Here are some simple tips for approaching SEO and your content marketing:
- Choose relevant keywords and topics for your website. Conduct keyword research using Google to see what surfaces and use tools like Ahrefs and UberSuggest.
- Your website page titles are one of the most important SEO elements. Keep titles under 70 characters and include the focus keyword as naturally as possible. Same for headers.
- Keep your URLs simple. Easily digestible for both readers and search engines. This helps keep your site hierarchy consistent as you add subpages, blog posts, and more. Include one keyword or, if a blog, a number
Struggle to create content for your website blog? Here’s how you can do it with ease:
- Go to answerthepublic.com and type in a phrase that describes what you sell, for example, insurance. Answer the Public is gonna throw a load of questions at you. These are questions people ask about your product or service.

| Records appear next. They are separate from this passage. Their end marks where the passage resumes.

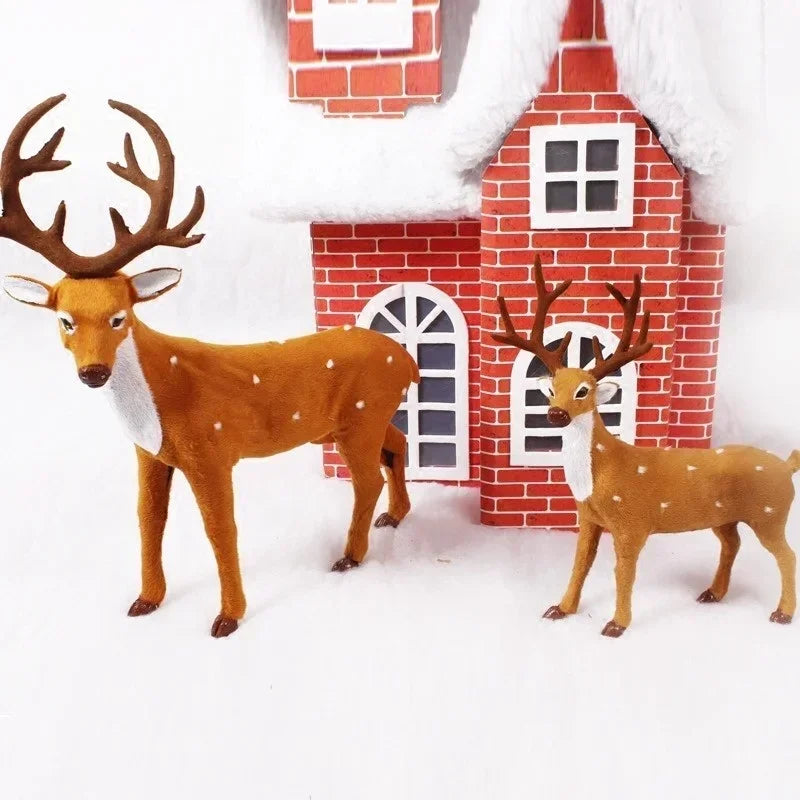 Rena de Natal Adorável Alce Escultura de Natal Design Realista Mini Enfeites de Veado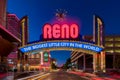 Reno Arch Welcome Sign in Reno Nevada at Dusk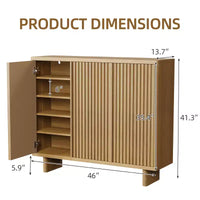 Meuble à chaussures 46 po avec porte cannelée, rangement 5 niveaux avec 4 étagères réglables, organisateur à chaussures rustique pour entrée, couloir, salon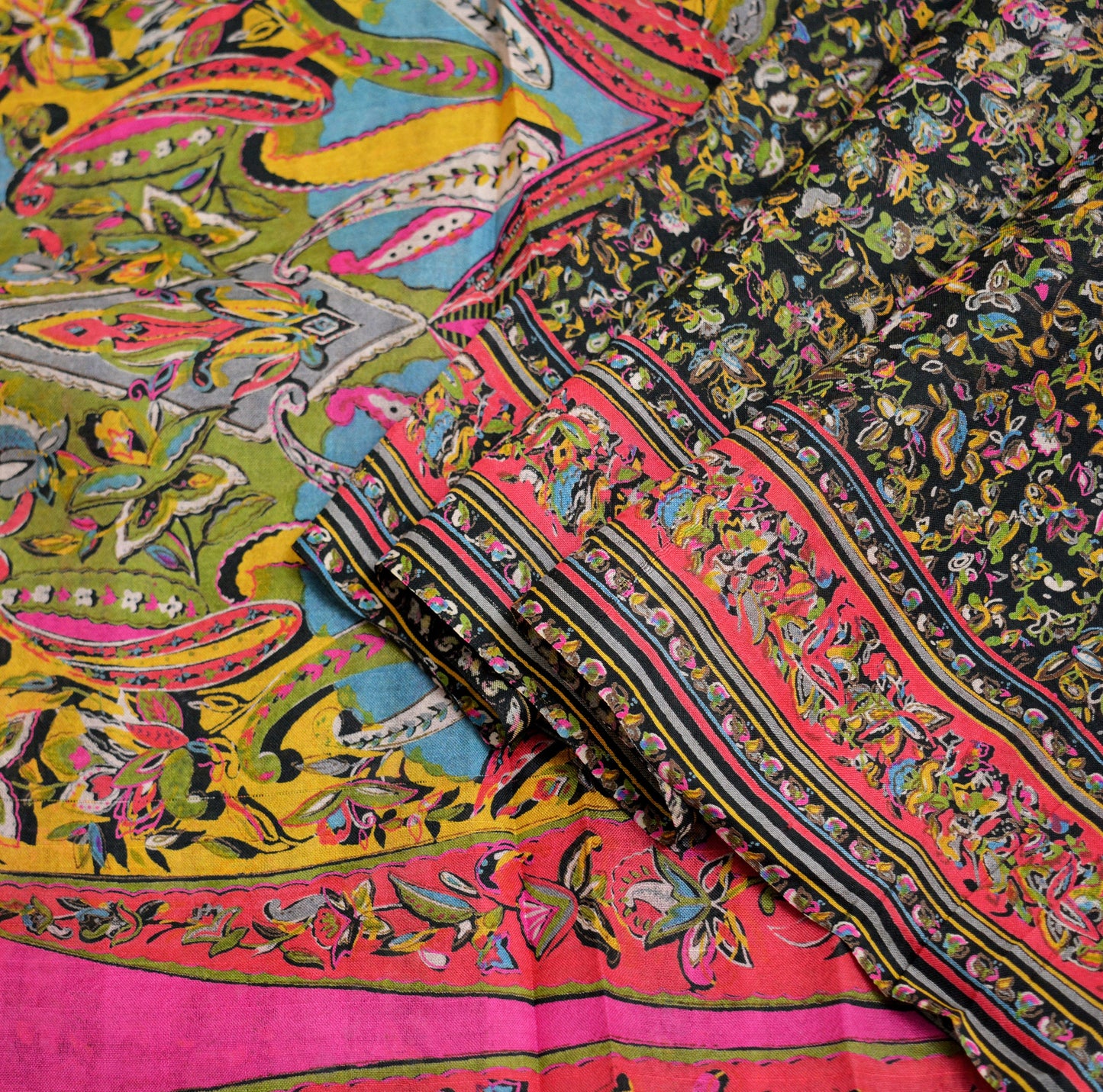 Indian Vintage Sari Black 100% Pure Silk Block Printed Saree Fabric 6yard Sewing Craft DressMaking Soft Floral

- Next, pick a question from the options Answer the Public gives you.
- Create a new Incognito window in Chrome.
- Type that question in.
- Look at the top 3 articles and what they’re about.
- Recreate that article for yourself, adding your own expertise.
- Repeat these steps until you’ve answered all the questions.
YouTube
If you’re thinking of using YouTube videos for client acquisition, here are 4 questions to ask yourself:
- Do you know your audience and what they’re searching for really well? Without great YouTube SEO, no one will be able to find your content.
- Do you have the right video-making equipment to undertake this goal? Professionalism matters.
- Are you confident you can be consistent with video creation? Look at the rhythm of your life, business and other client acquisition activities. Will you realistically be able to set aside time to regularly film videos?
- Can you prepare at least 10 videos before you launch your YouTube channel to give yourself a boost?
Webinars
When it comes to webinars, it pays to be strategic about what you talk about.
I don’t recommend spontaneously coming up with ideas for webinars. If you do that, your webinars will be unfocused and all over the place without a strong strategy underpinning them.
Always make sure your webinar topic is firmly rooted in your key message and matches your audience’s awareness level.
You’re going to need to be consistent before you’ll be known for this topic. It takes time to build a reputation online. So get clear on a strategic topic you want to talk about and stick with it.
Influence and connection approaches
Influence and COI (center of influence) approaches are powerful persuaders because they give you authority by virtue of being endorsed by someone else.
Here are some potential tactics to consider to develop your influence:
- Referral based growth strategy. Your ideal client likely knows more of your ideal customers in their social circles. Encourage them to connect their friends and family with you if they need your financial services.
- COI (center of influence) strategy. Brainstorm centers of influence in your industry to form a partnership with and build a sphere of people who work with similar clients to you. For example, you can connect with lawyers and accountants who also serve your niche.
- Online networking. Strategically pick masterminds and summits to join.
- Speaking engagements. Speak at institutions. For example, if you offer financial advice to doctors, speak at a school to MBA students studying to become doctors about managing their student debt or transitioning away from their visa.
- In-person group sessions. Lead a seminar on a topic of your expertise and invite guest speakers your audience respects.
- Private social events. Invite 12 clients and prospective clients out and treat them to dinner.